On October 19, 1911, the petitioner, Esmeralda county, filed its original petition in the district court of the first judicial district, by which said petition the county prayed the court to decree that a certain sum of money, to wit, the sum of $4,870.03, alleged to have been deposited by the county treasurer of Esmeralda county in the Goldfield branch of the State Bank & Trust Company, be held to be a special deposit and that the court make an order directing the receiver of the State Bank & Trust Company to pay Esmeralda county the sum of $4,870.03, with costs. To an amended petition filed by Esmeralda county as petitioner, the receiver, Wildes, answered, denying that the money placed by the county treasurer of Esmeralda county in the Goldfield branch of the State Bank & Trust Company was placed on special deposit, or for safe-keeping or that the same was received or accepted by the State Bank & Trust Company as a special deposit, or for safe-keeping. In his answer, the receiver admitted that the sum specified had been deposited with the State Bank & Trust Company at its Goldfield branch by E. Hardy, the county treasurer, but denied that the same was deposited for the use and benefit of the county.

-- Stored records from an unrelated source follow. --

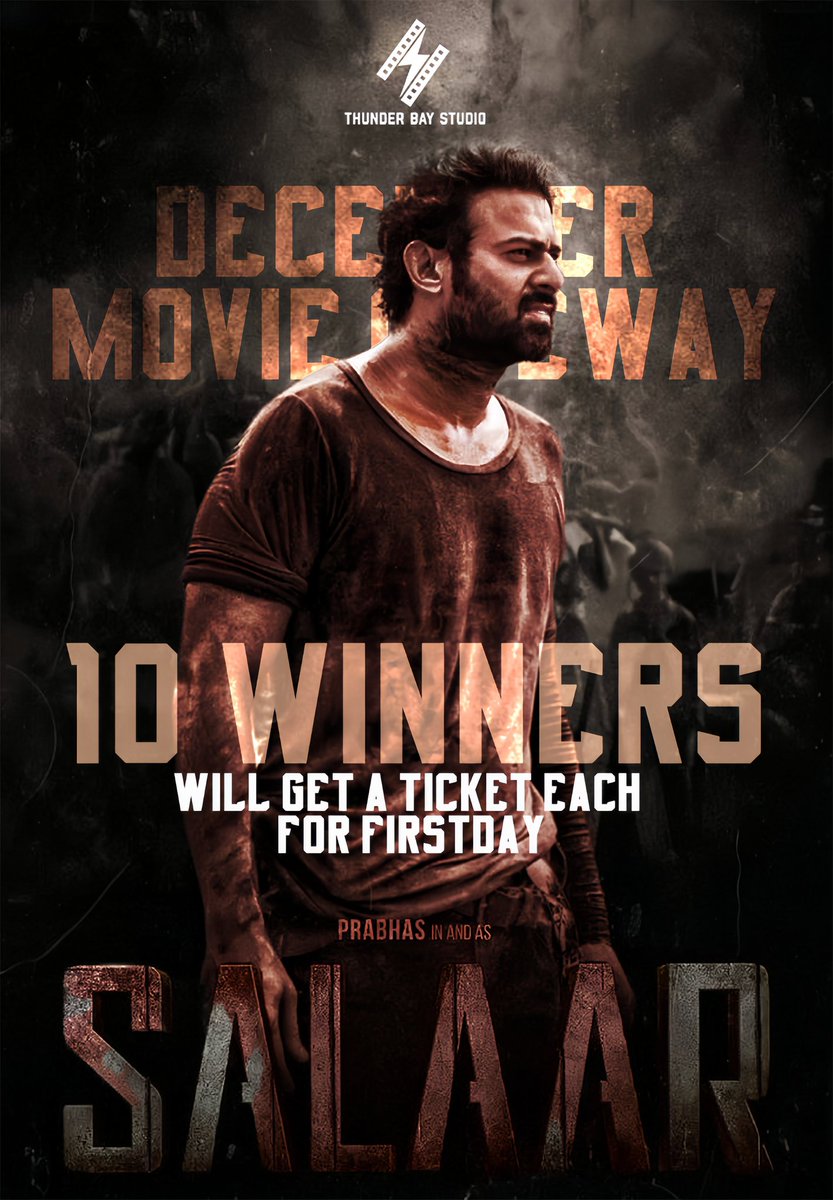 TBSTwizzle's tweet photo. ๐ฌ๐ GIVEAWAY ALERT! ๐๐ฌ
๐๏ธ Win a ticket to the first-day show of "Salaar" this December! ๐๏ธ
๐ 10 lucky winners will get a chance to witness the blockbuster on its opening day!
๐ To enter:
1๏ธโฃ Follow us on all social media (Link in Bio).
2๏ธโฃ Tag 5 friends to join!
3๏ธโฃ Retweet & Quote
๐๏ธ Mention your city, preferred theater, & showtime (evening/night).
๐ Let's make December epic with #Salaar! Winners announced soon. Participate now for your chance to be there on Day 1! ๐ฅโจ #MovieTicketsGiveaway #BlockbusterEvent
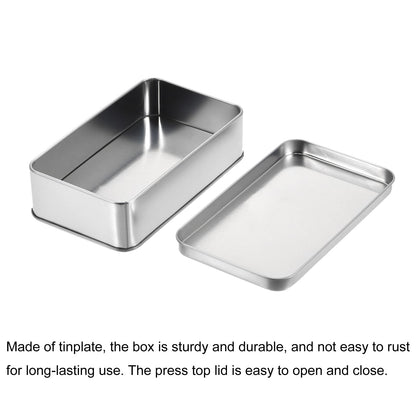 uxcell Metal Tin Box, 5.31" x 3.15" x 1.38" Rectangular Empty Tinplate Containers with Lids, Silver Tone, for Home Organizer, Candles, Gifts, Car Keys, Crafts Storage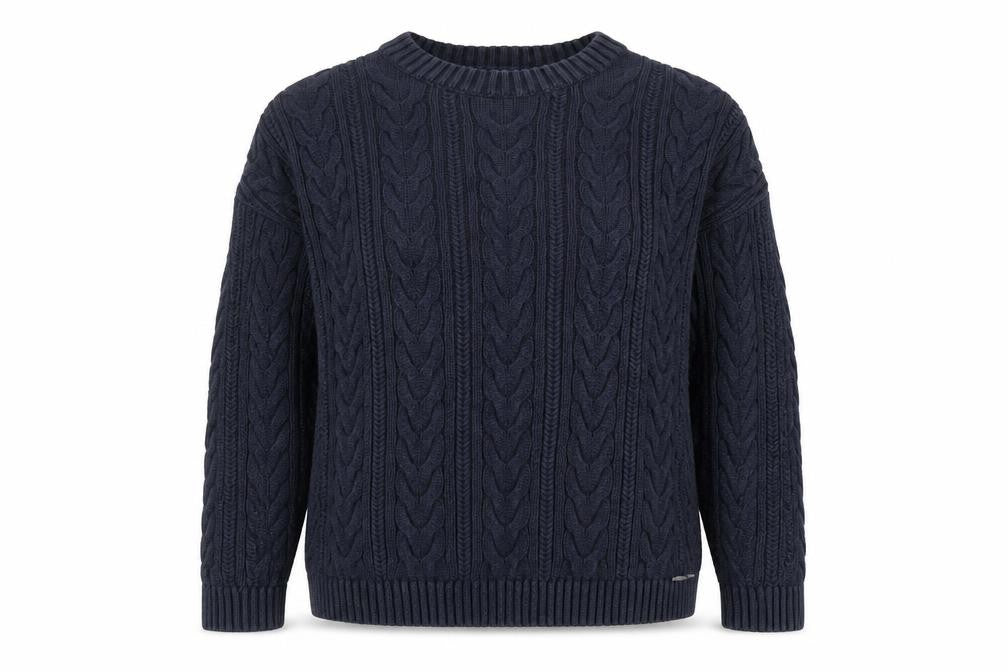 Front view of Superdry women’s blue cable knit crew neck cotton jumper, size UK 8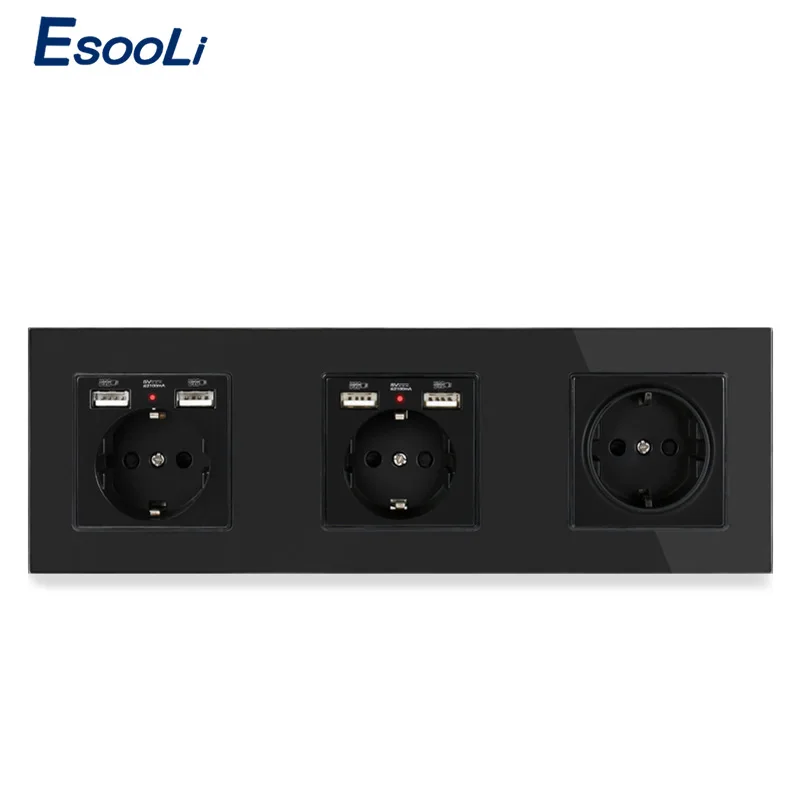 Esooli 3 банда настенная розетка стандарта ЕС с 2 usb зарядным портом для мобильного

A hearing on the petition was conducted before the court, at the conclusion of which the court rendered judgment in favor of petitioner county, and entered its decree that the sum of $4,870.03 was received by the Goldfield branch of the State Bank & Trust Company from E. Hardy, county treasurer of Esmeralda county, as a special deposit; that the same was a preferred claim in favor of Esmeralda county and against the assets of the State Bank & Trust Company, which came into the hands of the receiver, Wildes; that the sum of $974 had been paid by said receiver on said claim by way of dividends; that there remained a balance due Esmeralda county on said preferred claim of $3,896.03. Whereupon an order was made by the said court directing the said Frank L. Wildes, receiver of the State Bank & Trust Company, to pay to Esmeralda county the sum of $3,896.03 out of any funds on deposit in his hands as receiver and to reimburse said county for its costs expended in the proceeding. Following the service of this order upon the receiver, the court made an order that the said Frank L. Wildes, as receiver of the State Bank & Trust Company, be permitted to appeal to this court from the decision and judgment theretofore entered.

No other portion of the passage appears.